The question of whether I might join another institution, such as the SIS, instead of being an MP is premature right now. Certain media outlets and opposition MPs have been spreading these ideas, and they are basing their assumptions primarily on the fact that I am seen as an expert on internal and international security in the SMER-SD political party. My whole career in the police force revolved around dealing with matters of security. I do want to keep utilizing my skillset in matters of Slovak security in service to the public.
What do you want to focus on the most in the National Council?
As stated in my response to your first question, I consider myself to be an expert on security matters, I would like to focus primarily on this area in the Parliament. I am interested in working on the Council's various committees that focus on internal and international security, and I want to contribute mainly to the drafting of legislation that affects the security of Slovakia in current conditions.
You were the police president between 2012 and 2018, you have been under prosecution since 2020, and then became an MP this year – that is quite a rollercoaster. Has the public perception of you changed?

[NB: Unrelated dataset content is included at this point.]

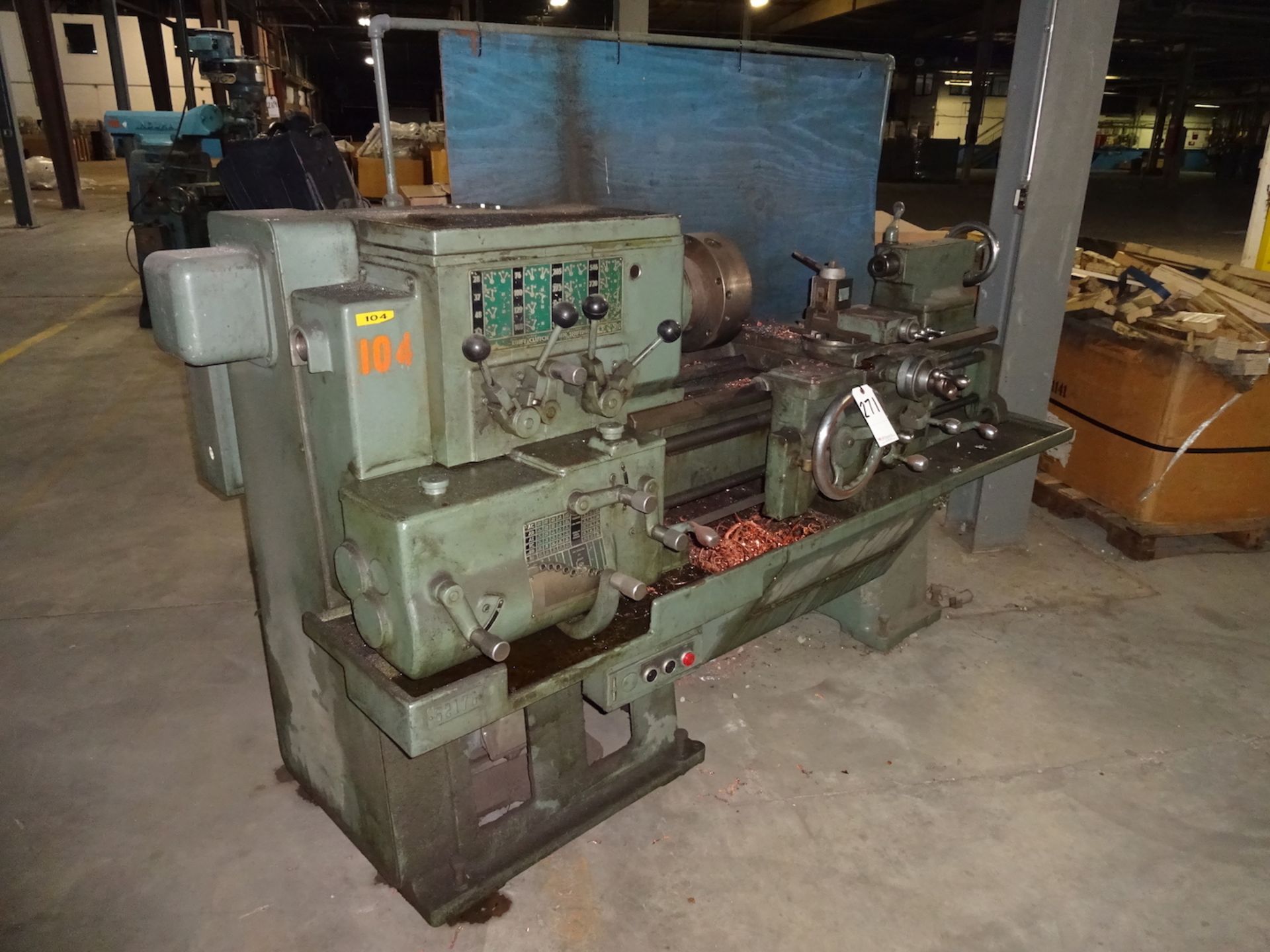 Mfr. Unknown 16 in. x 30 in. (approx.) Engine Lathe, 28 - 1200 RPM, Inch Threading, 10 in. 3-Jaw - Image 4 of 5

I'll start my response to this question from the end. I received more than 130 thousand preferential votes in the election, which means that a large portion of the public entrusted me with a strong mandate as well as their faith as a future MP. There was also a time, of course, when the public perception of me was manipulated chiefly by certain mainstream media outlets, which are capable of purposely discrediting someone in the eyes of the public. It was exactly the biased approach of certain media outlets as well as acts of deliberate criminalization that made me want to keep working in public affairs and doing my best to ensure that such things never happen to other Slovak citizens. I must say in the same breath, however, that I was also displeased with the direction that Slovakia was taking under the leadership of the incumbent government. I care about what the lives of my children and grandchildren will be like.
How is the criminal case against you going?
A judge from the Specialized Criminal Court, who was assigned to investigate the charges against me filed by a prosecutor from the Special Prosecutor's Office in late 2021, is currently deciding on the next steps in the proceedings. There is a wide array of evidence proving that the entire prosecution process was conducted by biased law enforcement bodies who had tampered with cooperating witnesses. It was partly based on this evidence that – after becoming familiar with the criminal file, and in order to maintain a fair and just process – the SCC judge appealed to the Slovak Constitutional Court to rule on whether two specific laws do not contradict one another. However, the appeal was overruled by the Senate of the Supreme Court. I am waiting to see how things develop and I am prepared to defend my innocence by lawful means.
One could say that you've experienced police work from both sides. How do you feel about the current state of the Slovak police force and justice system?
A part of the Slovak police force, specifically the National Crime Agency (NAKA in Slovak – a specialized nationwide agency fighting serious crime) has been politicized and has taken orders from the ranks of politicians to criminalize opposition party members, specifically from the SMER-SD party. This has been happening on the watch of certain SPO prosecutors by way of manipulated criminal proceedings. All of that needs to change, and we need to bring back the rule of law into these law enforcement agencies.
Tibor Gašpar (born April 23, 1962, in Kežmarok) is a former police president and newly elected member of the National Council of the Slovak Republic, where he has been appointed chairman of the Defense and Security Committee.
In 1987, he graduated from the Comenius University Bratislava Faculty of Physical Education. He started working as a primary school teacher in Nitra and then as a lecturer at the Constantine the Philosopher University Nitra Faculty of Education.
He joined the police force in 1993, which is when he also enrolled at the Academy of the Police Force in Bratislava. He started as a detective, working his way up to deputy chief of the Nitra Police Force Regional Office and director of the Bureau of Judicial and Criminal Police in Nitra (2003–2005).
In 2005, he became the director of the Anti-Corruption Bureau and, three years later, was promoted to the rank of general. In May 2012, he was named president of the Slovak Police Force, which is a position he held until 2018. He then spent a little under a year as an advisor to the minister of interior at the time Denisa Saková.
In November 2020, he was indicted under the "Purgatory" case; the prosecution is still ongoing. Gašpar was co-opted into the NC SR in the September election.